The U.S. Food and Drug Administration (“FDA”) draws its authority from the Food Drug & Cosmetic Act (“FD&C Act”), whereas the Alcohol Tobacco Tax and Trade Bureau (“TTB”) is authorized under the Internal Revenue Code (“IRC”). Each of these laws has different definitions of “tobacco products” for different purposes. FDA’s Deeming Rule has no effect on TTB’s jurisdiction over tobacco products, and vice versa. While the FDA has deemed certain products to be “tobacco products” under the FD&C Act, some deemed products do not meet the definition of “tobacco products” under the IRC.
For example, the FDA has deemed e-cigarettes to be included in the definition of “tobacco products” under the FD&C Act. The FDA has extended its authority to all tobacco products except accessories of newly deemed tobacco products. Despite this, e-cigarettes are not within the jurisdiction of TTB. There is no federal excise tax (“FET”) imposed on e-cigarettes or e-liquids. As a result, there is no FDA user fee at this time for e-cigarettes or e-liquids.
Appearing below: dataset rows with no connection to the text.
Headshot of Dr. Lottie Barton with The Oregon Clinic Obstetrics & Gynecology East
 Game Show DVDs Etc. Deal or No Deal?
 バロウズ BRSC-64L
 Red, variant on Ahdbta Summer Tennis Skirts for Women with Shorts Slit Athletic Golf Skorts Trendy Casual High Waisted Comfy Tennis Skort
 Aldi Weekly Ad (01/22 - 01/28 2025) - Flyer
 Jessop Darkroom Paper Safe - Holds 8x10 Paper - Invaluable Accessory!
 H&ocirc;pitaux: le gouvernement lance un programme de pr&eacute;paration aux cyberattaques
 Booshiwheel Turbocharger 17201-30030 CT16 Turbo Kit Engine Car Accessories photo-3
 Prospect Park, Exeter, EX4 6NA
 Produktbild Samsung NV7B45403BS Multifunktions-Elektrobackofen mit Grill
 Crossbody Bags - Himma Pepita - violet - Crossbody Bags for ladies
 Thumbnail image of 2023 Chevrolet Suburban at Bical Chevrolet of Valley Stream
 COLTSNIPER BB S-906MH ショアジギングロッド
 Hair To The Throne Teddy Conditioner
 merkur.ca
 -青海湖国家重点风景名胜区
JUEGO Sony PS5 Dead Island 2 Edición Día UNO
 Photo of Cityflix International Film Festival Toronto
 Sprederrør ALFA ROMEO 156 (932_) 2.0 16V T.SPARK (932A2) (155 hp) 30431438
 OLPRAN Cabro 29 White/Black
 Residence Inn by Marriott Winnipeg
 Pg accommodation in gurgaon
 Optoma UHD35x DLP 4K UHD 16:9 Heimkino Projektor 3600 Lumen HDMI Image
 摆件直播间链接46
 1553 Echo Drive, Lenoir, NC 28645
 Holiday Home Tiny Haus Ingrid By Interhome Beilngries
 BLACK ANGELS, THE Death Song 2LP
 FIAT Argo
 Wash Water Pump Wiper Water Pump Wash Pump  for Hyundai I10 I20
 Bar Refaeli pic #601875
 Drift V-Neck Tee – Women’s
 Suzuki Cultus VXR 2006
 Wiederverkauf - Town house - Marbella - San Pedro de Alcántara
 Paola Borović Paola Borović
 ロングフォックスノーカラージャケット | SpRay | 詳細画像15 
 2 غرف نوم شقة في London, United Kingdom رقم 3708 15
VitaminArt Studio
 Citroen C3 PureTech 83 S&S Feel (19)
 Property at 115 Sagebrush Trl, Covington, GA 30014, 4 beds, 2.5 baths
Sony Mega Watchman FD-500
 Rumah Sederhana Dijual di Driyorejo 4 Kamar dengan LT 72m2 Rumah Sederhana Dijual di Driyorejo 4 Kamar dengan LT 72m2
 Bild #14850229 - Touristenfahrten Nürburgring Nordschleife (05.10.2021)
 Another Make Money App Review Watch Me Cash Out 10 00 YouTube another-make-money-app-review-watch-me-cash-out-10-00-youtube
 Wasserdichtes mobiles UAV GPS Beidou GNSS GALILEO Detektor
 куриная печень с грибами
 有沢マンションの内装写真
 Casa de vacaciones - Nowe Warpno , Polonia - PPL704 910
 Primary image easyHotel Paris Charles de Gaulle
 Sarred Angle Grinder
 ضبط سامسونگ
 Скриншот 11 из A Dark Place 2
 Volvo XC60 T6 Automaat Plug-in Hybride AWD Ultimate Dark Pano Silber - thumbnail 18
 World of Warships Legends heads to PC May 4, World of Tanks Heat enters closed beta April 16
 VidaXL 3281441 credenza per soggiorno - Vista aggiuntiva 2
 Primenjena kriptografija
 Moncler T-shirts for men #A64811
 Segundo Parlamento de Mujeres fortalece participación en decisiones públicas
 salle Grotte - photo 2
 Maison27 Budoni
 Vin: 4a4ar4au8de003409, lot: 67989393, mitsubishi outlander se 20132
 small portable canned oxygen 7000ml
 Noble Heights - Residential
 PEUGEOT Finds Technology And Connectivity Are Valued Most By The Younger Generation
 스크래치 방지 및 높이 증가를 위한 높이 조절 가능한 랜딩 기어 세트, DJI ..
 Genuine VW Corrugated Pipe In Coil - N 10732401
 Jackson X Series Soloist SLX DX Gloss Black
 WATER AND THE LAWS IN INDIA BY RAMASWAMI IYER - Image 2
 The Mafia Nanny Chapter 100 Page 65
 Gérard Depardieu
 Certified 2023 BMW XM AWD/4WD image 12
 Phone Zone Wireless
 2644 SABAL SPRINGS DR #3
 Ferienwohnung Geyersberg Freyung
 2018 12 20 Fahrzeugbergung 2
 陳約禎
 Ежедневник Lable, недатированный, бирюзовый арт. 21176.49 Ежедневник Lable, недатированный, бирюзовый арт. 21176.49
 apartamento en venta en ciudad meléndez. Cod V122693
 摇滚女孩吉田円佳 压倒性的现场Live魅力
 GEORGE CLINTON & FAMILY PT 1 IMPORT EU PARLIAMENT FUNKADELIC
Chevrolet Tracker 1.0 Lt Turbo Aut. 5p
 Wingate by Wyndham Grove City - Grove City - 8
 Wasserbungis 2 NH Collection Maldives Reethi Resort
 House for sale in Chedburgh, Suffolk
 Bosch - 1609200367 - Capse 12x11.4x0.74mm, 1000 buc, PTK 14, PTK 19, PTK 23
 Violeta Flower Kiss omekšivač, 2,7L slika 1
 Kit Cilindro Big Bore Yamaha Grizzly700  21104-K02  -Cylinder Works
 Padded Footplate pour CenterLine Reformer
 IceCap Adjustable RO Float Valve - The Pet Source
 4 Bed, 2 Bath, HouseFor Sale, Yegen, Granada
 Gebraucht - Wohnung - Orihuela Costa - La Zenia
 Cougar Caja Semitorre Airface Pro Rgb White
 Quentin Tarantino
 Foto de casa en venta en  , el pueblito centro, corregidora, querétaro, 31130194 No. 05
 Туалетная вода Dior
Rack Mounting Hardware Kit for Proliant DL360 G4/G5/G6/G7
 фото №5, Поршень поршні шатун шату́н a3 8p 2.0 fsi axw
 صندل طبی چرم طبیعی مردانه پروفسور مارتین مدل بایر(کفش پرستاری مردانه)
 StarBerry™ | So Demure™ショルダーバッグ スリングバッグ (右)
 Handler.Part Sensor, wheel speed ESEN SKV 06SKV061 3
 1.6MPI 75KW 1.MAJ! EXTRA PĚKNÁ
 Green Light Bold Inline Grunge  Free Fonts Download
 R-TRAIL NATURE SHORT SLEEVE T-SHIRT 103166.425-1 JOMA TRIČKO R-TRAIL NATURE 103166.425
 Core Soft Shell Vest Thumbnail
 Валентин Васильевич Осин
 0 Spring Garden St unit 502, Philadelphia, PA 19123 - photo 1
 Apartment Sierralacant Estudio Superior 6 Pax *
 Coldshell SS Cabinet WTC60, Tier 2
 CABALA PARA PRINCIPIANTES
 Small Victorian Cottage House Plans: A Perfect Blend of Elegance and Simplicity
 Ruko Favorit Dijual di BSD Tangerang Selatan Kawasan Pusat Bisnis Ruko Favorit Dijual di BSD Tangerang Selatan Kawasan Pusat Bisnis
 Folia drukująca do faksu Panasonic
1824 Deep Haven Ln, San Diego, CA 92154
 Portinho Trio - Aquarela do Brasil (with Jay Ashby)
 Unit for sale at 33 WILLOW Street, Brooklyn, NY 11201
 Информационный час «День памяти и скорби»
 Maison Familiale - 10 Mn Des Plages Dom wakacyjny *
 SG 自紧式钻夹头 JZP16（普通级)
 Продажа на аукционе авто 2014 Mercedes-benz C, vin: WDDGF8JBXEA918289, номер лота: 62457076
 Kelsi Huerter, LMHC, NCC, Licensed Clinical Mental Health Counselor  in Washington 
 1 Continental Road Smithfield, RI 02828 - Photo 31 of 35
FET payments are the current methodology for figuring the FDA user fees for tobacco products.
Beginning August 20, 2016, domestic manufacturers and importers of cigars and pipe tobacco must report data concerning volume and FET paid in the previous quarters for cigars and pipe tobacco, to enable FDA to calculate FDA user fees for these product lines.
For example, since there is no FET assessed for e-cigarettes, the FD&C Act provision extending user fees to cigars and pipe tobacco is not currently extended to e-cigarettes.